From Wikipedia, the free encyclopedia
Jump to: navigation, search
Alexander Adams
Alexander Adams (Hawaii).jpg
Born (1780-12-27)December 27, 1780
Arbroath, Angus, Scotland
Died October 17, 1871(1871-10-17) (aged 90)
Oahu, Hawaii
Nationality Scottish
Occupation Sailor
Known for Flag of Hawaii
Spouse(s) Sarah Kaniaulono Davis
Sarah Ulukaihonua Harbottle
Charlotte Oili Harbottle
Parents John Fyfe
Jean Adams

Captain Alexander Adams (1780–1871) was a Scotsman who served in the British Royal Navy and then came to the Hawaiian islands and served in the navy of the Kingdom of Hawaii. Known to the Hawaiians as Alika Napunako Adams, he claimed to have originated the Flag of Hawaii.

Britain[edit]

Adams was born December 27, 1780 in Arbroath, Angus, Scotland.

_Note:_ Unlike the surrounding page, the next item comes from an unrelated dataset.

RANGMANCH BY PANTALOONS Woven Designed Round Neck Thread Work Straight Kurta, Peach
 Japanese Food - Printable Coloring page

He said his father was John Fyfe, whom he said was the "Earl of Fyfe", born in Abroath c. 1754. His mother was Jean Adams, born in Abroath c. 1758.

Leaving Scotland in 1792, he worked 4 years aboard the Zephyr belonging to Husson & Co. out of Newcastle upon Tyne, England. In 1796, he left the Zephyr, and joined Calcutta out of Lancaster for 2 trips. He was drafted into Naval service aboard HMS Elizabeth after the Battle of Trafalgar in the Napoleonic Wars.[1]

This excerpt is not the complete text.